Task instructions: For the data below, restate word for word only the lines from the line containing "view of exterior entry at dusk" through the line containing "A joyful family", both ends included.

++++++++

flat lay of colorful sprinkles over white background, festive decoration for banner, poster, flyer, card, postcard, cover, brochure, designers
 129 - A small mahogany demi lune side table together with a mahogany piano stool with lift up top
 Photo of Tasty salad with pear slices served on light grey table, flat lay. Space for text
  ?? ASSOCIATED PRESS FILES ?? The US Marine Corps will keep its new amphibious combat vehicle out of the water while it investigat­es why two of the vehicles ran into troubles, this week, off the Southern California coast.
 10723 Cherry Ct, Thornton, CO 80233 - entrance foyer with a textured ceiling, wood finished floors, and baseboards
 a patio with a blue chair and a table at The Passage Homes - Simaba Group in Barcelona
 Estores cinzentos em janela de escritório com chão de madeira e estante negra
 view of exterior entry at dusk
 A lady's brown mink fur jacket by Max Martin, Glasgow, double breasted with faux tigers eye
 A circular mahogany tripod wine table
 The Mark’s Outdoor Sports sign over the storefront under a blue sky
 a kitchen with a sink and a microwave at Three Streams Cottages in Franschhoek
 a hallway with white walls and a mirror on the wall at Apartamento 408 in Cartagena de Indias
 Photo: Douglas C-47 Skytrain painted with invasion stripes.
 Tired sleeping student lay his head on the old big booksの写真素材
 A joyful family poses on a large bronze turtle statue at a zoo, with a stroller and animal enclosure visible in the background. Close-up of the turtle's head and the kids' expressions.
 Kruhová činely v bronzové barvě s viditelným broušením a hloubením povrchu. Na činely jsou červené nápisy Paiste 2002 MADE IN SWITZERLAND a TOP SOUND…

++++++++

Your solution:
 view of exterior entry at dusk
 A lady's brown mink fur jacket by Max Martin, Glasgow, double breasted with faux tigers eye
 A circular mahogany tripod wine table
 The Mark’s Outdoor Sports sign over the storefront under a blue sky
 a kitchen with a sink and a microwave at Three Streams Cottages in Franschhoek
 a hallway with white walls and a mirror on the wall at Apartamento 408 in Cartagena de Indias
 Photo: Douglas C-47 Skytrain painted with invasion stripes.
 Tired sleeping student lay his head on the old big booksの写真素材
 A joyful family poses on a large bronze turtle statue at a zoo, with a stroller and animal enclosure visible in the background. Close-up of the turtle's head and the kids' expressions.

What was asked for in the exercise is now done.